プルミエが微笑みながらきっぱりとした声で口を挟んだ。


なぜか妙な迫力がある。


「遅滞作戦は確かに見事な手際でしたけどね。ですが、やはり。やはりですよ。その作戦を考案した者もまた、頑張ったと思うんです。きっと連日の徹夜で眠たい中、回らない頭で何とか一生懸命考えたに違いない訳です。ええ、ですからね、少し褒めてあげてもいいかなー、なんて思うんですけどね・・・?」


そう言いながら上目遣いにイッシを見上げる。


遅滞作戦を考案したのは、もちろんプルミエであった。


「分かってるよ。君みたいな優秀な子がいて、自分はなんて幸運だと思ってるさ」


はい! と少女は頷く。


だが、プルミエは笑みがこぼれそうになるのを必死にこらえながら、改めて口を開いた。


「幸運、だけですか? 例えば、その相手と一緒にいるとなぜかドキドキとしてしまうとかあるんじゃないですか? あと夜眠るときも今何してるのか気になって眠れないですとか・・・」


「姫よ、自己紹介みたいになっておるぞ」


アルジェが思わず口を挟む。


その様子を見ていたラフィーティアが優しい微笑んだ。


「今度の戦い、絶対勝たないといけませんね。でないとこの続きが見れませんもの」


彼女の言葉に、プルミエもアルジェも素直に頷くと、イッシの肩に頭を乗せる。


イッシもまた、明日に控えた戦争に思いをはせるのだった。


・・・

・・


そして時は容赦なく過ぎ去る。


一日経って太陽が昇り切った頃、その大軍は平原を越えて帰って来た。


普通一週間以上かかる距離を四日で戻って来た彼らは一様に疲れている。


しかし、戦意は極めて高かった。


もちろん彼らのほとんどは傭兵であり、ただ金で雇われた者たちばかりだ。したがって、命の危険があると分かれば逃げ出すし、割に合わないと思えば命令に背くことすらある。


だが一方で、彼らは他国の傭兵という訳ではなかった。


公爵領が傭兵国家として王国鎮守府の役割を果たして来た年月は決して短くない。彼らの家族や友人、そして故郷はラッガナイトや近隣の町や村であり、よそ者はほとんどいないのだ。

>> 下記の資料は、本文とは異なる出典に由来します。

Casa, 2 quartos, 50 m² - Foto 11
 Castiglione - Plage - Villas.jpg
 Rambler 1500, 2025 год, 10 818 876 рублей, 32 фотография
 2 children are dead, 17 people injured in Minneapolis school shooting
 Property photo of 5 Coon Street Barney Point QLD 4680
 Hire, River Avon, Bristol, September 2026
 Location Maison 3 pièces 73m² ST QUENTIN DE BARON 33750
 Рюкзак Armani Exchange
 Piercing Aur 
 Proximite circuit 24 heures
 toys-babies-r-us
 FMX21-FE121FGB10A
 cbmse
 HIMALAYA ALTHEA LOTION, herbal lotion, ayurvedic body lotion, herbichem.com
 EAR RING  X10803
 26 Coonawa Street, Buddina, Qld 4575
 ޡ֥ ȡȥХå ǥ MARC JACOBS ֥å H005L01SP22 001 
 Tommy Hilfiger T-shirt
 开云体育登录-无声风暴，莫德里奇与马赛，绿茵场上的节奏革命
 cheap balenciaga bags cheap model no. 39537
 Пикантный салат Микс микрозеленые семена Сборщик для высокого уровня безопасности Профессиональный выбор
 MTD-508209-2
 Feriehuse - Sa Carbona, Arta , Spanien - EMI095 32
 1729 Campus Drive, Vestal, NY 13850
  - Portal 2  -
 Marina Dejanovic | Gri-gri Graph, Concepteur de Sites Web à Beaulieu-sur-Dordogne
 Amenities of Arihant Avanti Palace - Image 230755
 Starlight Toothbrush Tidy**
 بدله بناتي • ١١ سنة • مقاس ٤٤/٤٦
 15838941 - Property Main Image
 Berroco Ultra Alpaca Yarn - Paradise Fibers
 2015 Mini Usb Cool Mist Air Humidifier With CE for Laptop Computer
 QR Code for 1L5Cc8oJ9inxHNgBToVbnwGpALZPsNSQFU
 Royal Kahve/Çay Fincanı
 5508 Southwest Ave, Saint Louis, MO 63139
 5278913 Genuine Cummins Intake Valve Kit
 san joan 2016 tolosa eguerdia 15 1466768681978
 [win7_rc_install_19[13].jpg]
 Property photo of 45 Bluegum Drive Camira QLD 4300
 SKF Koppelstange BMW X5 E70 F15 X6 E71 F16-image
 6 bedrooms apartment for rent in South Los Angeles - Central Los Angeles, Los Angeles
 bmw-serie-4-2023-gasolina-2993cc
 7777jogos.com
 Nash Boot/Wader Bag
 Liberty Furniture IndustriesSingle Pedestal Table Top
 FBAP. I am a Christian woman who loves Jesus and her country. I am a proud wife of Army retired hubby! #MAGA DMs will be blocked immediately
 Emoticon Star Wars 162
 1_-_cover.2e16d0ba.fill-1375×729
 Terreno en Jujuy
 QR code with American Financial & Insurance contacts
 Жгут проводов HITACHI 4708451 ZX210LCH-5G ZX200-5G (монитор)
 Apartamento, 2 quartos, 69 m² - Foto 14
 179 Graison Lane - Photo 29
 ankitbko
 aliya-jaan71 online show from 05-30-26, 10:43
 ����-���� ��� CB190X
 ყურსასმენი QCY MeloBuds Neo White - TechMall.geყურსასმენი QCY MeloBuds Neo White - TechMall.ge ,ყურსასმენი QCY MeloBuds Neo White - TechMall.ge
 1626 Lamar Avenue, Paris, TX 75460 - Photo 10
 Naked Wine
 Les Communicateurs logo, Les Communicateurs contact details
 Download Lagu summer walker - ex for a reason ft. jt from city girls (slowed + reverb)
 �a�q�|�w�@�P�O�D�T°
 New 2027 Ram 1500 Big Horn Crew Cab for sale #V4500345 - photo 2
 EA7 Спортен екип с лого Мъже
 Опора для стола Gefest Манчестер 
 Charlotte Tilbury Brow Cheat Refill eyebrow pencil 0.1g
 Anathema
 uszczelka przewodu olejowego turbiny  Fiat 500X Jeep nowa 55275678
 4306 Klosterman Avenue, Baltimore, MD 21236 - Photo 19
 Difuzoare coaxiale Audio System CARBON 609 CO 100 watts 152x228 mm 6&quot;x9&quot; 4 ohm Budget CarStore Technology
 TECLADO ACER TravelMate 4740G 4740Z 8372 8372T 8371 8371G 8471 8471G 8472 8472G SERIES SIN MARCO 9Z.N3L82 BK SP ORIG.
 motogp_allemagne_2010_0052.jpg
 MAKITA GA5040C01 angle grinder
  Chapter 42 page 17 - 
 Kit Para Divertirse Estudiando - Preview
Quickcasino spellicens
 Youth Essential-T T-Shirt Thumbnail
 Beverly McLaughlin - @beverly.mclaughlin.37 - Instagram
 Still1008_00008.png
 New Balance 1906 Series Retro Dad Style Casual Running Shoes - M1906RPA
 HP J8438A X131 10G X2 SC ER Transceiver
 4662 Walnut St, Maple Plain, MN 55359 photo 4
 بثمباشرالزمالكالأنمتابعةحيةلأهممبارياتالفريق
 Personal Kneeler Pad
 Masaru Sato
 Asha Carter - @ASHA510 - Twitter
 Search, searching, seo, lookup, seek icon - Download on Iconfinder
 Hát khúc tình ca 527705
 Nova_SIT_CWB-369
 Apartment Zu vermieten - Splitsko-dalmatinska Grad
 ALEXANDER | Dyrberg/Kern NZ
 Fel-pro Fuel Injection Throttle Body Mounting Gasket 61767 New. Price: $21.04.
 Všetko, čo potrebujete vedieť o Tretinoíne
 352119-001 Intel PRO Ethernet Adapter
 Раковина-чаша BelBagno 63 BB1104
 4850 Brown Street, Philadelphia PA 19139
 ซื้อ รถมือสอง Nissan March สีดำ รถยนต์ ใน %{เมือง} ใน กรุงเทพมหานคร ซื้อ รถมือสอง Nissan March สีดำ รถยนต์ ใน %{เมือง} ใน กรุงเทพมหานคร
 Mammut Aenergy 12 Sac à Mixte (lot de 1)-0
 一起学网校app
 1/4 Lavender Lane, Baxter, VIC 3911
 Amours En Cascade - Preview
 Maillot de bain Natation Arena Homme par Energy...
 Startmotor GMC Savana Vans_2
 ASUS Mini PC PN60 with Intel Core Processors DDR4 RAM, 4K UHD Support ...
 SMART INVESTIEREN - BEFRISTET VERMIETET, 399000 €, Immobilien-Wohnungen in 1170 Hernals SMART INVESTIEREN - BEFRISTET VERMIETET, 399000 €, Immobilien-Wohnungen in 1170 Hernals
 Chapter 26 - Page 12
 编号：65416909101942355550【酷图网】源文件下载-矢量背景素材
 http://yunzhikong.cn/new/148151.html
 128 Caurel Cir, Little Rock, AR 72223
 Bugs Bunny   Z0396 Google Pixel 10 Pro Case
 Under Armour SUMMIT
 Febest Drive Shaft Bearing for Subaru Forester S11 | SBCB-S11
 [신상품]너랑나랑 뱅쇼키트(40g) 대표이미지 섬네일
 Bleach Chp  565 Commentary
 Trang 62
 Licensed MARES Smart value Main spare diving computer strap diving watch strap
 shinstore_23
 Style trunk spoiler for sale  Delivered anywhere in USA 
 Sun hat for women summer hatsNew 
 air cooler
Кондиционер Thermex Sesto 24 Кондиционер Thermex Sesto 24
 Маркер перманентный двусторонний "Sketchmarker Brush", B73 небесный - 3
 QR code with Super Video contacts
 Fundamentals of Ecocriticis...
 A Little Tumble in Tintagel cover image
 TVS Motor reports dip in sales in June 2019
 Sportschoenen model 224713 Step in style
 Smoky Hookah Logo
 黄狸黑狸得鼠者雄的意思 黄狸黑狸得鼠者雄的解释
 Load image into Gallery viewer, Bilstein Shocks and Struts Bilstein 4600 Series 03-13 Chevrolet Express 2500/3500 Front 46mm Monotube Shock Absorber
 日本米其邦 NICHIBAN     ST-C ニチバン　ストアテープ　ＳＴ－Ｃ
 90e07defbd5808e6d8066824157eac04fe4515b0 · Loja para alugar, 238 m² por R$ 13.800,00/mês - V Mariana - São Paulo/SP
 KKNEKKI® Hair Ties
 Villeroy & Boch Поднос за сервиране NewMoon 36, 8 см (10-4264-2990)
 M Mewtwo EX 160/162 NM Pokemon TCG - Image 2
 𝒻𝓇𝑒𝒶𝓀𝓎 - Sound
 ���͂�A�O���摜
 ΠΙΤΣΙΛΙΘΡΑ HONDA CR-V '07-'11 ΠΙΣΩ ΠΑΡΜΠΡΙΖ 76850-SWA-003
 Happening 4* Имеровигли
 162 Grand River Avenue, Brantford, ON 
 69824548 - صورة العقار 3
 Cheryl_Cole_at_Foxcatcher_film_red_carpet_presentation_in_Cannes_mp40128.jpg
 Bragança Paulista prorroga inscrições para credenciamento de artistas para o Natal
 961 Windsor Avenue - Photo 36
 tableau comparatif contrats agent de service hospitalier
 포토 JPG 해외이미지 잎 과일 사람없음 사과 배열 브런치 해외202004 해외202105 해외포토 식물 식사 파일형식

確かに、ロウビル公爵領の税は重く、ほとんどが軍事費へと消える。


生活は貧しく、インフラも整っていない。治安だって良いとは言い難いだろう。


だが、間違いなく彼らの故郷であった。


国民、という概念はまだ発見されていない。


彼らは領主の所有物でしかなかった。


だが、愛国心が涵養かんようされる前の最も原始的な感情・・・即ち郷土愛は・・・故郷を悪魔たるホムンクルスたちから取り戻したいという熱狂は、彼らを只のならず者から一人前の戦士へと変えていたのである。